____ Extracted entries

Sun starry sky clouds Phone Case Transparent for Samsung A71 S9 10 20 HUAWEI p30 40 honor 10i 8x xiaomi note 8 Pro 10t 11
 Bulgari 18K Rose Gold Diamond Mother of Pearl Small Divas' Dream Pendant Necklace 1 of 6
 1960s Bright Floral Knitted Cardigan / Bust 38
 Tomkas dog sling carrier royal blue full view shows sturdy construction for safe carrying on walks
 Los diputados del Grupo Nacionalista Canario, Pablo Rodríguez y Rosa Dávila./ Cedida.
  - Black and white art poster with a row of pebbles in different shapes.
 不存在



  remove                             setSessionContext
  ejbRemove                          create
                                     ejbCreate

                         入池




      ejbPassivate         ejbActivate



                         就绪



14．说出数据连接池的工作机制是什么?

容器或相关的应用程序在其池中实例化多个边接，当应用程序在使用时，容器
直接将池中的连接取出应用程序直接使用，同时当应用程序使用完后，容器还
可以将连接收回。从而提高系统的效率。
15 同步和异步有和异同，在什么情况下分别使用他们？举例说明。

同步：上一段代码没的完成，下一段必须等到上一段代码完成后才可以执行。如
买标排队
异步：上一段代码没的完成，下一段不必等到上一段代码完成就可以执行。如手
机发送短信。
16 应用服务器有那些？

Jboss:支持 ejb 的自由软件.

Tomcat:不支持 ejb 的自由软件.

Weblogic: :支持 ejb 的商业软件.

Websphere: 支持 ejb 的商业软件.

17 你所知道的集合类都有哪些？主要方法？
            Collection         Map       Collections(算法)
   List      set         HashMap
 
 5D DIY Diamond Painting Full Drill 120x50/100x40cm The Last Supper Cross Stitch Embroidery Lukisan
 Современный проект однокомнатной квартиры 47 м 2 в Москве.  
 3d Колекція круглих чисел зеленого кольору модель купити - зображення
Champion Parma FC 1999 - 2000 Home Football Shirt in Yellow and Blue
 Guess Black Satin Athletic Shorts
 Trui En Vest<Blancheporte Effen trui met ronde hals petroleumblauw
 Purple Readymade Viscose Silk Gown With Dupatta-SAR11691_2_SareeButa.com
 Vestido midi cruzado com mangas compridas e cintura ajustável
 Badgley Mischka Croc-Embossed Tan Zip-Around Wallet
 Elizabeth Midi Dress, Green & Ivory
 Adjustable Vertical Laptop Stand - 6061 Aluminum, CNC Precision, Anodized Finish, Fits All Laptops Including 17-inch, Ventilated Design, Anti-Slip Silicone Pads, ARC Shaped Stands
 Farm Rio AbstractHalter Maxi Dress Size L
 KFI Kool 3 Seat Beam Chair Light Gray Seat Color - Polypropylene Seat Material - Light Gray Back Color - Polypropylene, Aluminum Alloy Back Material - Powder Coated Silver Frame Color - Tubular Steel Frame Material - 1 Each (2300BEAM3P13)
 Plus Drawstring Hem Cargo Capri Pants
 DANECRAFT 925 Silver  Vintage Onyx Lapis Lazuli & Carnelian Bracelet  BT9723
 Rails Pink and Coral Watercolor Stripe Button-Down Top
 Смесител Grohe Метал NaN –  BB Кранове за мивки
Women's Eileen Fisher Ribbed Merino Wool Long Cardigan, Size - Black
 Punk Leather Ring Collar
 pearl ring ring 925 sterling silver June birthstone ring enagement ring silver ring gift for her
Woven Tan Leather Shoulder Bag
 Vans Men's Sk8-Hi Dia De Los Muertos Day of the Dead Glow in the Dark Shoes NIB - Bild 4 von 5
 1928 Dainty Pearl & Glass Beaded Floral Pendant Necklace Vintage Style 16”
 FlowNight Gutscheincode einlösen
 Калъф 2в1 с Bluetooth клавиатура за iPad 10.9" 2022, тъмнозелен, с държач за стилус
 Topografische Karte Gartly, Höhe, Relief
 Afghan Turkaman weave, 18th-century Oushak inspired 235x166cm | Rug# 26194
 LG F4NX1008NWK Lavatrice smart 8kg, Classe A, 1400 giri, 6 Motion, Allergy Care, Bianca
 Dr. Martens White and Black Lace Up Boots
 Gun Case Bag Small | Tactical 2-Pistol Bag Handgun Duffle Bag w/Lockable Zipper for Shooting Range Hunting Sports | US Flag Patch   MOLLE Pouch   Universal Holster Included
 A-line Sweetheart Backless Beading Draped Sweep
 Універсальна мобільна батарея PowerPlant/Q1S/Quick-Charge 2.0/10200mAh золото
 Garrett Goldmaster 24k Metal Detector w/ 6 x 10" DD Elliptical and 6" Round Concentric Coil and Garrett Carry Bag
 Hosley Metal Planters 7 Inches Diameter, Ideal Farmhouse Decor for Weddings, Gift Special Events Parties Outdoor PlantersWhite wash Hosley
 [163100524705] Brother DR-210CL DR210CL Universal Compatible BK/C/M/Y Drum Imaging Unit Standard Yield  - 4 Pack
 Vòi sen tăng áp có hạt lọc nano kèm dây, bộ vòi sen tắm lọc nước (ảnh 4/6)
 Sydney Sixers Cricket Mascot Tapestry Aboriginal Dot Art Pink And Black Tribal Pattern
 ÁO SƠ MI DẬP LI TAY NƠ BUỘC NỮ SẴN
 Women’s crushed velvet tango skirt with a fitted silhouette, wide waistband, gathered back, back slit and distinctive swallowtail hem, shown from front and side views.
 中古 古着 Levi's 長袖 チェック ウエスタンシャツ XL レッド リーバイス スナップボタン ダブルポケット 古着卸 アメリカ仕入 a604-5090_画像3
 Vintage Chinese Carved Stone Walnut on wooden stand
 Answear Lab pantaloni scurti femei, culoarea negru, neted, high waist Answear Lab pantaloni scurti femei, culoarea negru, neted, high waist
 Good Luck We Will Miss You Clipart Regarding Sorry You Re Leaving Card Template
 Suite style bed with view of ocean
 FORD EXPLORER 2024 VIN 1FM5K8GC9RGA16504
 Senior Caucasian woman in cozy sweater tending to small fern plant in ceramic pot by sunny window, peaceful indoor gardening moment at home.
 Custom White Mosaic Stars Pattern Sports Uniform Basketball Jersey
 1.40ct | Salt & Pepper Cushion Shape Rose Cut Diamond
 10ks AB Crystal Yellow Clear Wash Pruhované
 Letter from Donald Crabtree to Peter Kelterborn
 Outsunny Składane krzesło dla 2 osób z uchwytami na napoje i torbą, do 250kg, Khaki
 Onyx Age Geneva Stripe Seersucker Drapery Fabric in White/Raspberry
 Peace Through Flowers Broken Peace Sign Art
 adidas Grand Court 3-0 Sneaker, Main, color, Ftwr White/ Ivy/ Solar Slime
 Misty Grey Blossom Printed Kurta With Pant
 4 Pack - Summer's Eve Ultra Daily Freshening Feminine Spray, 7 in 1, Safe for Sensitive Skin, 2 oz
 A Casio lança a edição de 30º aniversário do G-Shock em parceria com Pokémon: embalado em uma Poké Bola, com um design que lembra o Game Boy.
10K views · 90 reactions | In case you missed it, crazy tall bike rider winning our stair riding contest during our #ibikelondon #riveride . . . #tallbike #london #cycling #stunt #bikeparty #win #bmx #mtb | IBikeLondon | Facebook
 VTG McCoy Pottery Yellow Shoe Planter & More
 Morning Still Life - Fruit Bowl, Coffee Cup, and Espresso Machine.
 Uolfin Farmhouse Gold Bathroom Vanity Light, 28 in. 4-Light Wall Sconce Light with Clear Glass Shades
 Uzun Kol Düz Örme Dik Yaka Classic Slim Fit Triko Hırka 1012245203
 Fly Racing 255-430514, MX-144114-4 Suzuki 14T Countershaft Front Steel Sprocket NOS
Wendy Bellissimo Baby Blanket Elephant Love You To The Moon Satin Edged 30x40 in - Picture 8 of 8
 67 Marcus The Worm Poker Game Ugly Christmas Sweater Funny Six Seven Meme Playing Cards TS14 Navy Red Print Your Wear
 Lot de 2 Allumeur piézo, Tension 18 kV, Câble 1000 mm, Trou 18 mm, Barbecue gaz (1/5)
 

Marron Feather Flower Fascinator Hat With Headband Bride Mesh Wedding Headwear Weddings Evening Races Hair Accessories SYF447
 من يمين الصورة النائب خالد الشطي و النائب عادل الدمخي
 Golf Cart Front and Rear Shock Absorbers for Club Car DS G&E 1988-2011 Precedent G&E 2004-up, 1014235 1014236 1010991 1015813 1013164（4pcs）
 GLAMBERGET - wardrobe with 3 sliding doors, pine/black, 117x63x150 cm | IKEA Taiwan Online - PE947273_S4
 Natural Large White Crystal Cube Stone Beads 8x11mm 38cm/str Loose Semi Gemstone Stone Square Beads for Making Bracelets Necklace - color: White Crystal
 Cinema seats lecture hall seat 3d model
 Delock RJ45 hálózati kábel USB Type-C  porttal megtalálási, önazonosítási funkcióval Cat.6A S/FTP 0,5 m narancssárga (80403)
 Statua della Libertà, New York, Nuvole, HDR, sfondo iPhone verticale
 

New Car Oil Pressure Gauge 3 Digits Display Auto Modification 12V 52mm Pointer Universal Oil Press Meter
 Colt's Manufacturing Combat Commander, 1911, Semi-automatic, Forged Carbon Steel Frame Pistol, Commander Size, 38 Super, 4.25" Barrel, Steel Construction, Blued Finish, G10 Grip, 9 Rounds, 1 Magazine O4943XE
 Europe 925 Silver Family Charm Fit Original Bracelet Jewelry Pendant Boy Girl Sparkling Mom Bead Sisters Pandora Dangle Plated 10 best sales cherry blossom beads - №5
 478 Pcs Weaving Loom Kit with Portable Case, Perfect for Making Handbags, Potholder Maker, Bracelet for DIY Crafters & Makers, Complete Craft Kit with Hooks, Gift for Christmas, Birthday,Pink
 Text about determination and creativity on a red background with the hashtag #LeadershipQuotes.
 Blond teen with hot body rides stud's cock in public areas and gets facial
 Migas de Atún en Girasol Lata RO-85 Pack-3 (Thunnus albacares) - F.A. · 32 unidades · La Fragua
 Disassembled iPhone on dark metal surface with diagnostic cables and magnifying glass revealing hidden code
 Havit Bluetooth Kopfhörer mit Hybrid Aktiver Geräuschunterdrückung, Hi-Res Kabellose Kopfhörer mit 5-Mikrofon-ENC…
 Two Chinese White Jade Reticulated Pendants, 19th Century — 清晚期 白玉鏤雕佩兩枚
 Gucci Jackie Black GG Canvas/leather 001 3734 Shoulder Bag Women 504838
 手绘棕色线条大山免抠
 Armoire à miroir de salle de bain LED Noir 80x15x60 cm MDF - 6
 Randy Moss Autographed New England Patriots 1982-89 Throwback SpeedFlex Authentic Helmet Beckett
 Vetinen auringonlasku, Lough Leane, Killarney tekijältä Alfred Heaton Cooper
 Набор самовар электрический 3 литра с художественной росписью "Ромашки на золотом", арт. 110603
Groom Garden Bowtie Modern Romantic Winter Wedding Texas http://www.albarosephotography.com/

________

Starting at the line that contains "Набор самовар электрический", return every line through the last one above, exactly as written.

 Набор самовар электрический 3 литра с художественной росписью "Ромашки на золотом", арт. 110603
Groom Garden Bowtie Modern Romantic Winter Wedding Texas http://www.albarosephotography.com/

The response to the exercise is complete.